* [WORK TASK] Find the line that contains "2006 GMC Sierra 1500". Then set down that line and all the lines after it, to the end of the records, exactly and with nothing added.

* [RECORDED INFORMATION]
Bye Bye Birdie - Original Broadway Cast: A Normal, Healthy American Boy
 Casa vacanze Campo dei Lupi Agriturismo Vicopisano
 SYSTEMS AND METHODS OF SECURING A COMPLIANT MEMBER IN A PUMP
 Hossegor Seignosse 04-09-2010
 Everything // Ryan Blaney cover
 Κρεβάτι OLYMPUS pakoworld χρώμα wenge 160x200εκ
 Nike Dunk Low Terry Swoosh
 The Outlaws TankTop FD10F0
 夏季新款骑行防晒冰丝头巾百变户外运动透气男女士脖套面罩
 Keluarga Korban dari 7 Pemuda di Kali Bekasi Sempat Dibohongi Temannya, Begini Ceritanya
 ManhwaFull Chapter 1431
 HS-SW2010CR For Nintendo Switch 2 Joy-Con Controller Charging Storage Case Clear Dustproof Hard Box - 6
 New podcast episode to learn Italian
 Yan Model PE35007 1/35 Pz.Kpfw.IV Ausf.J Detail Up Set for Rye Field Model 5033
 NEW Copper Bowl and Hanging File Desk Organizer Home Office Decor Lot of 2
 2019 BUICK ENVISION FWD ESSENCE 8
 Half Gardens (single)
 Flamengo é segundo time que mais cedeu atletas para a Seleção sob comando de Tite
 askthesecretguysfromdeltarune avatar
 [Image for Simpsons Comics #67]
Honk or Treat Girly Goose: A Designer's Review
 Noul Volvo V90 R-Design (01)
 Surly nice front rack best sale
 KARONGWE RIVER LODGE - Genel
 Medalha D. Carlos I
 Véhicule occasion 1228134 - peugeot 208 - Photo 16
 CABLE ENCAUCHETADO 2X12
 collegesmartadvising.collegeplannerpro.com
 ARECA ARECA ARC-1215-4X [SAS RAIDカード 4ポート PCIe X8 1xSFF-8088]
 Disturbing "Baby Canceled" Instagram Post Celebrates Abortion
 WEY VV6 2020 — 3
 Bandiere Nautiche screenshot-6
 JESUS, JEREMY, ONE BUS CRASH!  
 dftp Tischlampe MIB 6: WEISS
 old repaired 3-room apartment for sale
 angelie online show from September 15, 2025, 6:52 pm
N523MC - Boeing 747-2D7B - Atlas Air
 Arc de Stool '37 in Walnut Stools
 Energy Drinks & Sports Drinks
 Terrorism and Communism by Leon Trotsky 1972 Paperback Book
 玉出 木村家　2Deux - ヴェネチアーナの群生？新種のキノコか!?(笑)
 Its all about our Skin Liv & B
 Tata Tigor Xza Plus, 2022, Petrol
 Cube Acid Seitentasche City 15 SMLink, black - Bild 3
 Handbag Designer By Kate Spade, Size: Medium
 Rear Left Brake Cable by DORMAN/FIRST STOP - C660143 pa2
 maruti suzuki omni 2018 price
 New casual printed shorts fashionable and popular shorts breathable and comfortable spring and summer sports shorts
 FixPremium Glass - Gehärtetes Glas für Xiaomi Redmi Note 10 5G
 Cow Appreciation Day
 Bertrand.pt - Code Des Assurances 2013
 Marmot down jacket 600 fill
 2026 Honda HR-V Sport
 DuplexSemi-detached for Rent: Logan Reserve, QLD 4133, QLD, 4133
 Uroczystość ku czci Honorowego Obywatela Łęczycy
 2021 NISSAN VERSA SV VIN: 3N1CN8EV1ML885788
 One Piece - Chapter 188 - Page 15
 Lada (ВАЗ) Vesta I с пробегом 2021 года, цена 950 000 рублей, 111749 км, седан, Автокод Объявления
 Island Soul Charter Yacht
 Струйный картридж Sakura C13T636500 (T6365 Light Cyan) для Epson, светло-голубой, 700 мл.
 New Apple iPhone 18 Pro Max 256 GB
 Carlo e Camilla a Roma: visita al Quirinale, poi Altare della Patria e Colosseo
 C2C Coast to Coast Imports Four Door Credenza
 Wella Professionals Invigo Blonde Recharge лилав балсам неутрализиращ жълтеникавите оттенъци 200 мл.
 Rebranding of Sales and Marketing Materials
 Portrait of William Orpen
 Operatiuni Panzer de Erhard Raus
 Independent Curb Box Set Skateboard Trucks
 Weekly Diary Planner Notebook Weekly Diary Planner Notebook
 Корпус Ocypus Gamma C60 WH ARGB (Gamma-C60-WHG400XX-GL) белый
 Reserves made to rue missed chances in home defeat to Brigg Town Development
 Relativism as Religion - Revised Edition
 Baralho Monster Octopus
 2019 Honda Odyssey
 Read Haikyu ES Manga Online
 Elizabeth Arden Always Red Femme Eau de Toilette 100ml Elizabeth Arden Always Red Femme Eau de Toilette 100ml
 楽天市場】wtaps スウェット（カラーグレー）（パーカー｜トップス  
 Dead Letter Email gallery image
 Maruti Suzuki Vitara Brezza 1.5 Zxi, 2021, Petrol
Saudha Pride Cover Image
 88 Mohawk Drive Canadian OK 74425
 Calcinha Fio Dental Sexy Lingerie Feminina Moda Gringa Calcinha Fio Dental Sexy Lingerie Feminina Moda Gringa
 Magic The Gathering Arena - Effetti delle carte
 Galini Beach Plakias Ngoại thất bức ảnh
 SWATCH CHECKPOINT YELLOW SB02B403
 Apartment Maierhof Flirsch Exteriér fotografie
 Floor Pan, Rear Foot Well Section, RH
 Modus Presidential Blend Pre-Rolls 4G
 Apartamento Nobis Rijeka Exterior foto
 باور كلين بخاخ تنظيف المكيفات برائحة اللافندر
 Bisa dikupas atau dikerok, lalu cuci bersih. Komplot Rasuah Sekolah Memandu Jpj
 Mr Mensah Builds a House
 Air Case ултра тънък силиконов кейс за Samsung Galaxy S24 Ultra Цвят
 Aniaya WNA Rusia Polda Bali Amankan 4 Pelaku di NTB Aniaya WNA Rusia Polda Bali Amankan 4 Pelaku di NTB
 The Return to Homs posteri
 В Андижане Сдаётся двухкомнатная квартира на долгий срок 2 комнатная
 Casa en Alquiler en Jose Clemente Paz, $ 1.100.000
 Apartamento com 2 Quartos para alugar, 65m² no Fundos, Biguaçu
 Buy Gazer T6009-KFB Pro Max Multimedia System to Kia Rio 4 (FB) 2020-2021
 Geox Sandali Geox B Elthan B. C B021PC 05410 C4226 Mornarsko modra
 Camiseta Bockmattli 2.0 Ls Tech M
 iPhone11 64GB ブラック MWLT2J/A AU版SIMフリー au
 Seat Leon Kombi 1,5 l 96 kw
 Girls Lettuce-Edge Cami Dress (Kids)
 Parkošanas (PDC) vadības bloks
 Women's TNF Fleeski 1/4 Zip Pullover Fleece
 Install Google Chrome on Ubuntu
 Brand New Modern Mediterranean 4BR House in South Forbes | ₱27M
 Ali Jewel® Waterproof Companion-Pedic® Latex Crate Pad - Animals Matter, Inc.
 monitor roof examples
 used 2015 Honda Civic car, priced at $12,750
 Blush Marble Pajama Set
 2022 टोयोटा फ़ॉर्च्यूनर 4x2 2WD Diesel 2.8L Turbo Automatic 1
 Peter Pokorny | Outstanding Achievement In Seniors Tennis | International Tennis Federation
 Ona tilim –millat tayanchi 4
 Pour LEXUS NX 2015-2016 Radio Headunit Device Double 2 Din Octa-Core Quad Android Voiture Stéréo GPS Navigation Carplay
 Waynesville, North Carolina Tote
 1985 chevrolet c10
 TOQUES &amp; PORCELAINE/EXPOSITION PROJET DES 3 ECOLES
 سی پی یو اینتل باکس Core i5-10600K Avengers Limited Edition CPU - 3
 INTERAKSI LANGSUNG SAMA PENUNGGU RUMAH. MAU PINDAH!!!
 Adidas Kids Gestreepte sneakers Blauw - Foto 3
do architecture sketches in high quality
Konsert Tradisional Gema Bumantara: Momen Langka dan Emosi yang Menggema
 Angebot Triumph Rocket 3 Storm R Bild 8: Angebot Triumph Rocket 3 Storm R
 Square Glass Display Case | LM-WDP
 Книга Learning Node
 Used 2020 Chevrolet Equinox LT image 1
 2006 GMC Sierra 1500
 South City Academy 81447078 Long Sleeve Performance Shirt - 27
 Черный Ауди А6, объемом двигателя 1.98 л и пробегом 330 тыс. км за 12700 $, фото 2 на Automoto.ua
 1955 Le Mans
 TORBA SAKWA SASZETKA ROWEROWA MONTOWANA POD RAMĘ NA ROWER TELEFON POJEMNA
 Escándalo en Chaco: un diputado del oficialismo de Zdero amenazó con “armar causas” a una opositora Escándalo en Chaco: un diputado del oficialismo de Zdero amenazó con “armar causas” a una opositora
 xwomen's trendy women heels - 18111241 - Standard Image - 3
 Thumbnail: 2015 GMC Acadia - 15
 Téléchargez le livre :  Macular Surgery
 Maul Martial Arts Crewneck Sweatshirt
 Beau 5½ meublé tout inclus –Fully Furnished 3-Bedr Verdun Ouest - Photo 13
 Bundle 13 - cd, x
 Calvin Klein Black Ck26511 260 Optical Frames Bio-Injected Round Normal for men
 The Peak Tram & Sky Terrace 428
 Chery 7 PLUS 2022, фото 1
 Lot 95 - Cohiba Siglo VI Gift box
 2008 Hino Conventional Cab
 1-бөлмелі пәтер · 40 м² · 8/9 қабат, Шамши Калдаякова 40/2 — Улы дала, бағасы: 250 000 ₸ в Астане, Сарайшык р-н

* [EXERCISE ANSWER]
 2006 GMC Sierra 1500
 South City Academy 81447078 Long Sleeve Performance Shirt - 27
 Черный Ауди А6, объемом двигателя 1.98 л и пробегом 330 тыс. км за 12700 $, фото 2 на Automoto.ua
 1955 Le Mans
 TORBA SAKWA SASZETKA ROWEROWA MONTOWANA POD RAMĘ NA ROWER TELEFON POJEMNA
 Escándalo en Chaco: un diputado del oficialismo de Zdero amenazó con “armar causas” a una opositora Escándalo en Chaco: un diputado del oficialismo de Zdero amenazó con “armar causas” a una opositora
 xwomen's trendy women heels - 18111241 - Standard Image - 3
 Thumbnail: 2015 GMC Acadia - 15
 Téléchargez le livre :  Macular Surgery
 Maul Martial Arts Crewneck Sweatshirt
 Beau 5½ meublé tout inclus –Fully Furnished 3-Bedr Verdun Ouest - Photo 13
 Bundle 13 - cd, x
 Calvin Klein Black Ck26511 260 Optical Frames Bio-Injected Round Normal for men
 The Peak Tram & Sky Terrace 428
 Chery 7 PLUS 2022, фото 1
 Lot 95 - Cohiba Siglo VI Gift box
 2008 Hino Conventional Cab
 1-бөлмелі пәтер · 40 м² · 8/9 қабат, Шамши Калдаякова 40/2 — Улы дала, бағасы: 250 000 ₸ в Астане, Сарайшык р-н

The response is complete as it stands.